Assume we have 2 positive definite matrices A and B . Show that there exists a non-singular matrix S such that –
SAS’ = I
SBS’ = L
Here I is the Identity matrix and L is a diagonal matrix. S’ is the transpose of S.
Since $B$ is SPD, there is a $C$ such that $B=CC^T$. Consider the matrix $G=C^{-1}AC^{-T}$. Note that $G$ is SPD too. Let $G=UDU^T$ be the spectral decomposition of $G$ with $U$ orthogonal and $D$ diagonal. Then you can verify, that with $S=D^{1/2}U^TC^{-1}$, you get what you need.
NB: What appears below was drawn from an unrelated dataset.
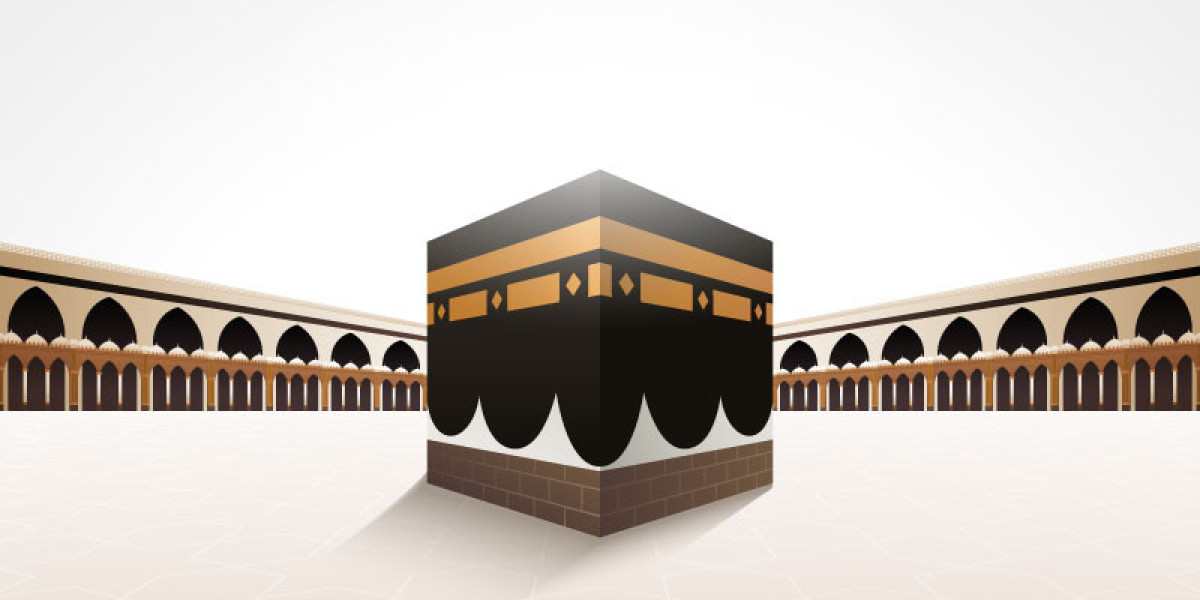 Dining in Makkah & Madinah: A Food Guide for Umrah Pilgrims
This is Theorem 7.6.4 on Pg 465 in Horn & Johnson’s Matrix Analysis 1985. The proof is essentially what Algebraic Pavel suggested. Here is another dig at the same:
Since $B$ is positive-definite, $B = KK’$ for some invertible $K$ ($K’$ is the transpose of $K$).
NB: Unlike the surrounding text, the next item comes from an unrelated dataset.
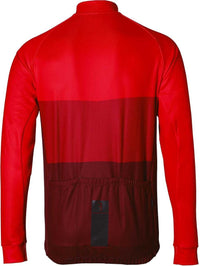 Thumbnail for BBB Cycling Keirin Long Sleeve Jersey BBW-381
Define $G = K^{-1}A(K^{-1})’$. We can see that $G$ is symmetric since
$$G’ = (K^{-1}A(K^{-1})’)’$$
$${}= ((K^{-1})’)'(K^{-1}A)’$$
$${}= K^{-1}A'(K^{-1})’$$
$${}= K^{-1}A(K^{-1})’$$
$${} = G$$
Thus, diagonalize $G$ into $UDU’$. Now define $S = D^{-1/2} U’ K^{-1}$. Then, $S’ = (K^{-1})’U D^{-1/2}$
Claim that $S$ satisfies the required conditions:
$SAS’ = D^{-1/2} U’ K^{-1} A (K^{-1})’U D^{-1/2} = D^{-1/2} U’ G U D^{-1/2} = D^{-1/2} D D^{-1/2} = I$
$SBS’ = D^{-1/2} U’ K^{-1} B (K^{-1})’U D^{-1/2} = D^{-1/2} U’ K^{-1} K K’ (K^{-1})’U D^{-1/2} = D^{-1/2} U’ U D^{-1/2} = D^{-1/2} D^{-1/2} = D^{-1}$. Define $L$ to be equal to $D^{-1}$.
Thus, we have constructed a non-singular $S$ such that $SAS’ = I$ and $SBS’ = L$ as needed.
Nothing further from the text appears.